When church planting, people often ask, “How much money should we be saving?” This question generally comes after we discuss setting up a building fund. The answer to the question is not a set answer for every church. Each group is different and every budget is unique.
My response to most churches is, “Save every dollar you can.”
You can’t be wrong to start by saving 10 percent and setting it aside as savings. Later on, it may not be a building fund; it may be a rainy day fund. If you are saving money specifically for a building fund, We encourage the church to set a consistent amount aside each month to show discipline in saving.
Setting aside funds will help when a lender sees that a church has consistently paid a lease or a mortgage in addition to putting away dollars for the future. Moving into a lease space may require significant funds to renovate a space, and if you are preparing to purchase, then you will need to have 20 to 30 percent in cash to get a loan.
Spending Needs vs. Saving
In any discussion of saving cash, it is wise to make sure you understand your spending allocation. Let’s categorize your spending into three buckets; Staffing, Facilities, and Programming. Having a plan on paper from the start will help you set aside funds as you grow.
- Staffing – This is generally 50 percent of a church budget. Early on when planting a church, you may intentionally keep this cost low by being bi-vocational, and by using volunteers as opposed to paid staff. If you can keep staffing low, then you can better invest in the ministry programs and the location you secure.
- Facilities – A healthy target is 25 percent of your budget. Many people will use a number closer to 33 percent, but that will tend to put more pressure on your budget. Again, if you can reduce the staffing expense, then you may be able to allocate a little more for your facilities.
- Programming – This is the ministries you offer. 20 – 25 percent is a good target. As you reach into the community, events and curriculum for your church will cost money. Programming may also include supporting other ministries or church plants that are important to your church.
Looking at the three buckets above, it is important to point out that you can surpass the suggested percentage in one bucket and make the other two work, but if you go too high in two buckets, then the remaining bucket will suffer.
A Real-Life Example
The following example is a real story:
XYZ Church had been open for 5+ years. During that time, they were able to use a great location for $1,500 per month.
Early on, I met with this church and explained that the market area was expensive and recommended they save cash for a future lease or a building purchase. The pastor explained that their mindset was “every dollar in, every dollar out.” I encouraged him to increase his facility expense by paying the church building fund a consistent amount every month over and above the $1,500 they spent for their Sunday rent.
Fast-forward four years; the perfect building, a building this church prayed for, became available. The owner was willing to offer seller finance. However, the seller reviewed the church finances as a banker would. In the end, the seller could not reconcile the church’s financial position and would not finance the deal. This church had a strong income of well over $500,000 per year. Their facilities bucket was less than 3.5 percent of the budget, and everything else went to staffing and ministries. The result was that the owner was not willing to get into a seller-financed deal.
Had this church set aside the extra $10,000+ per month that a healthy church would have, they would have saved $480,000+ over four years.

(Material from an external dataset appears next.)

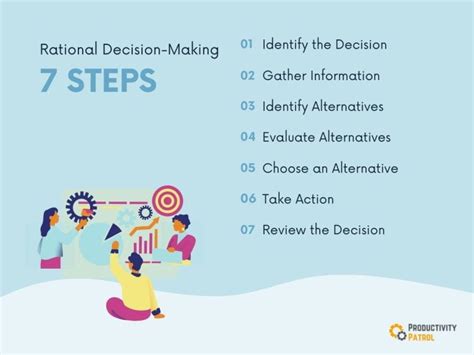 The Ultimate Guide To Rational Decision Making With Steps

With that money in the bank, the church would not have missed this opportunity.
The Lesson to Be Learned
The funds that you set aside are often considered to be a “building fund.” Your church leadership must understand that not only do you need to have cash set aside for capital improvements or purchase, but the church must also have cash set aside for at least six months of reserves for the ministry to run. Most lenders will require a church to have a reserve fund that will sustain a church during a downturn in the economy. When church planting or growing a church, your organization is likely spending every dollar on ministry, stretching to make ends meet. As these churches grow, many seek to add staff to handle the growth.

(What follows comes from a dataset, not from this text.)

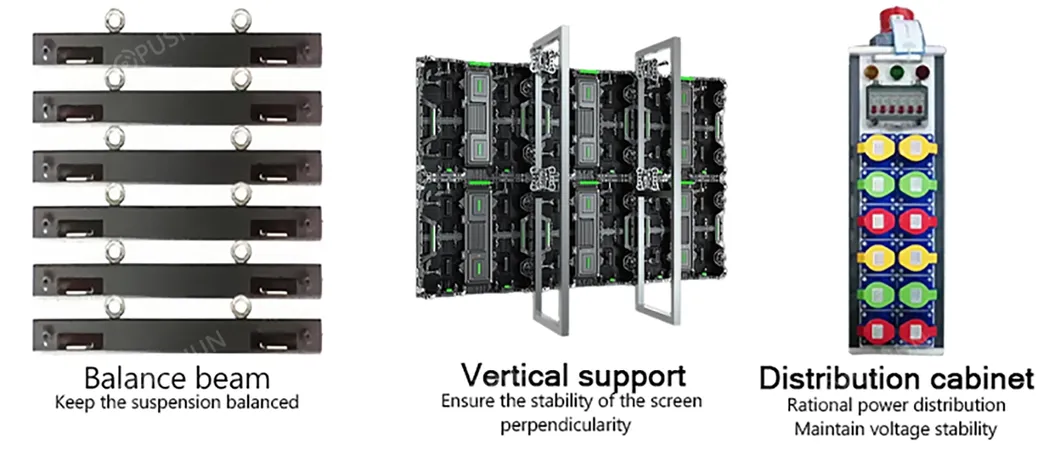 Production Components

There is great wisdom in keeping expenses low and setting aside money as early as you can to prepare to house the new growth.

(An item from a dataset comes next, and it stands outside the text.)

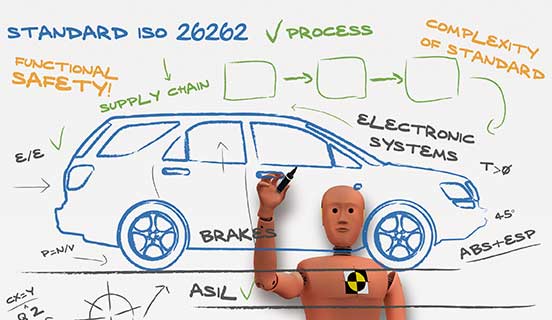 ISO 26262 Facts And Tips Presented By Industry Experts - (What Is ...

Set Your Church on the Right Path; We Can Help
This discussion can be a daunting one for many churches. We encourage every church we work with to get a clear understanding of their financial picture.
If you need an advisor to meet with you and help you get a financial plan together, contact Church Realty, and we will assist you in getting to the right person for your ministry. It may be a CPA in your church or a CPA that serves churches every day. Either way, it is critical to your ministry that the finances are in order and that the ministry plan has a corresponding financial plan to meet the needs of the church.
As a pastor, you have a great responsibility to guard the gifts given by the people and to use what is brought to the storehouse to the Glory of God and to accomplish the mission that we have been given. Seek wisdom and counsel so that every financial decision is missionally directed and ministry driven.